Progressive measurability implies adaptedness

Question

I've read that every progressively measurable process is also adapted, but I can't prove it using the definition of measurability. Can anyone give me a proof of this result ?

Answer 1

It seems to me that this fact is a great example of something that is evident to someone experienced, but in fact confuses a great many students by being labeled as such with no explanation, myself included.

First, let's lay down some definitions. Let $(\Omega,\mathcal F, P)$ be a probability space and $\mathcal F_t$ a filtration on it.

The process $(X_t)_{t\geq 0}$ is

• adapted if $X_t:\Omega \to \mathbb R$ is $\mathcal F_t$ measurable for each $t\geq 0$
• progressively measurable if $X:[0,t]\times \Omega \to \mathbb R$ is $\mathcal B([0,t])\otimes \mathcal F_t$ measurable for each $t>0$

In terms of sets, this means

• Adapted: $\{\omega: X_t(\omega) \in B\}\in \mathcal F_t$ for all, $t\geq 0 , B\in \mathcal B(\mathbb R)$:
• Progressively measurable: $\{ (s,\omega): X_s(\omega) \in B \} \in \mathcal B([0,t])\otimes \mathcal F_t$ for all $t>0, B \in \mathcal B(\mathbb R)$

The key realization is that the set $\{\omega: X_t(\omega) \in B\}$ is, in fact, a cross-section (or slice) of the set $\{ (s,\omega): X_s(\omega)\in B\}$ at the point $t$, which yields the implication progressively measurable $\Rightarrow$ adapted.

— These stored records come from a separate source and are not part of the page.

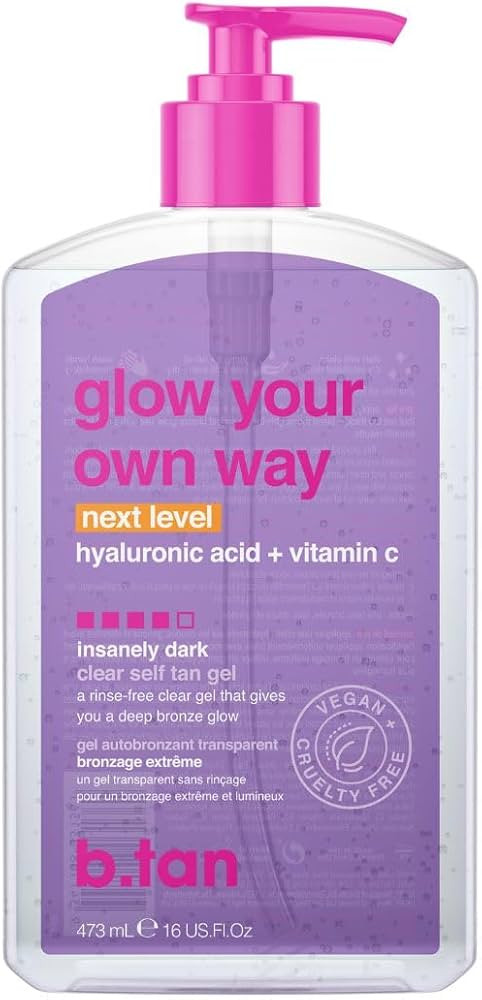 b.tan Insanely Dark Clear Self Tan Gel | Glow Your Own Way Next Level - Transfer-Resistant Sunles... | Amazon (US)
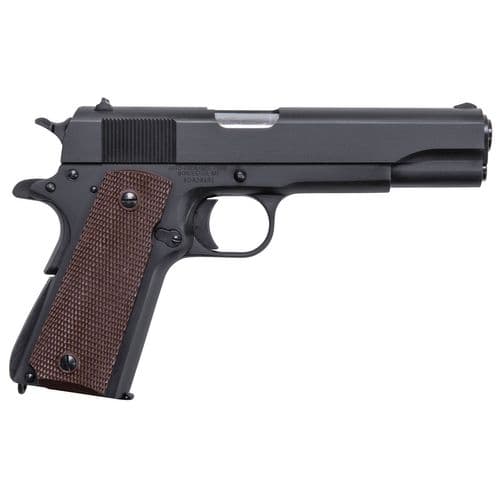 Auto-Ordnance 1911BKO9 1911-A1 GI Spec 9mm Luger 5" 9+1 Matte Black Carbon Steel Frame & Slide Checkered Brown Polymer Grip 2 Auto-Ordnance 1911BKO9 1911-A1 GI Spec 9mm Luger 5" 9+1 Matte Black Carbon Steel Frame & Slide Checkered Brown Polymer Grip 2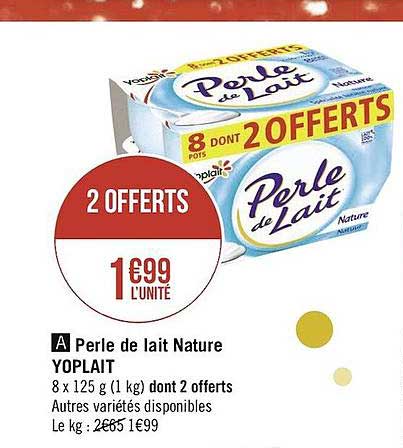 Perle De Lait Nature Yoplait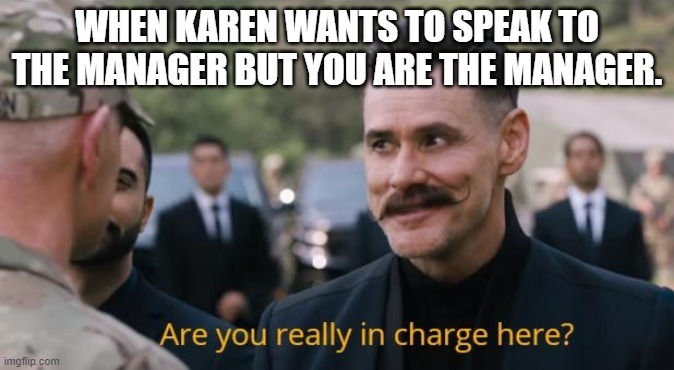 Are you really in charge here? | WHEN KAREN WANTS TO SPEAK TO THE MANAGER BUT YOU ARE THE MANAGER. | image tagged in are you really in charge here | made w/ Imgflip meme maker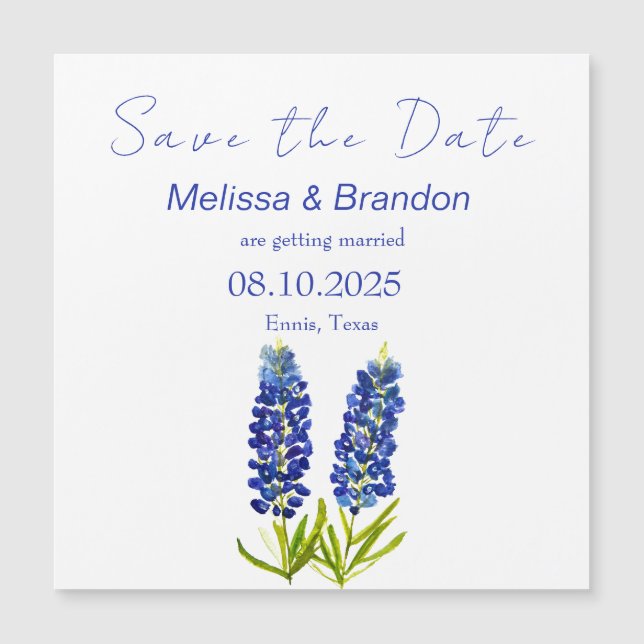 Carte Magnétique Bluebonnets Blue Floral Texas Rustic Mariage (Devant)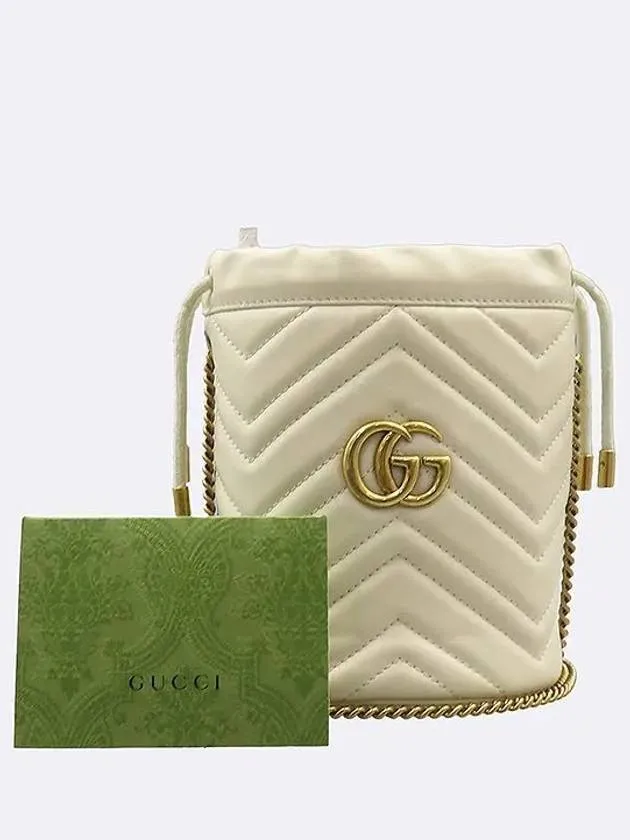 575163 Ivory leather GG Marmont mini bucket cross bag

The measurability of cross-sections is typically introduced in measure theory courses/books when introducing product measures and can be shown by a standard measure theoretic argument.

Answer 2

On this basic issue, many textbooks make a basic mistake, they state that: for a measurable subset $E$ defined in a product measure space $(X\times Y,\mathcal{A}\times \mathcal{B},\mu\otimes \nu)$, the $x$-sections of $E$, $\{y\in Y:(x,y)\in E\}$ are measurable for all $x\in X$. In fact, this is not the case in general. Fubini's theorem tells us that these sections are measurable only for almost all $x\in X$ (for a proof, see Section 20.1 of Royden's Real Analysis).

Here is a correct answer of your question:

Question. Let $X=(X_t)_{t\geq 0}$ be a progressively measurable stochastic process on $(\Omega,\mathscr{F},(\mathscr{F}_t),\mathbb{P})$, i.e., for each $t\geq 0$, restricted on $\Omega\times [0,t]$, $X$ is $\mathscr{B}([0,t])\times \mathscr{F}_t$-measurable. Then $X$ is adapted w.r.t. $(\mathscr{F}_t)$.

Proof. Let $t\geq 0$ be arbitrary, note that \begin{equation} (\Omega,\mathscr{F}_t)\stackrel{f}{\longrightarrow}([0,t]\times \Omega,\mathscr{B}([0,t])\times \mathscr{F}_t)\stackrel{g}{\longrightarrow}(\mathbb{R},\mathscr{B}(\mathbb{R})), \end{equation} \begin{equation} \omega\mapsto (t,\omega)\mapsto X_t(\omega)=X(t,\omega). \end{equation} By the progressive measurability of $X$, $g$ is measurable; to prove $g\circ f$ is measurable, it suffices to show $f$ is measurable.

It's well known that the collection of subsets of $[0,t]\times \Omega$: \begin{equation} \mathscr{G}=\{(a,b]\times A:0\leq a\leq b\leq t,A\in \mathscr{F}_t\} \end{equation} generates the product $\sigma$-algebra $\mathscr{B}([0,t])\times \mathscr{F}_t$; moreover, $\mathscr{G}$ is a $\pi$ system. Now we consider the collection of subsets of $[0,t]\times\Omega$: \begin{equation} \mathscr{C}=\{E\in \mathscr{B}([0,t])\times \mathscr{F}_t:f^{-1}(E)\in \mathscr{F}_t\}. \end{equation} We can easily verify that $\mathscr{C}$ is a Dynkin system and $\mathscr{G}\subseteq \mathscr C$. By Sierpiński-Dynkin's $\pi$-$\lambda$ theorem, we obtain: $\mathscr{C}= \sigma(\mathscr{G})=\mathscr{B}([0,t])\times \mathscr{F}_t$, that is to say, $f$ is measurable. The proof is complete.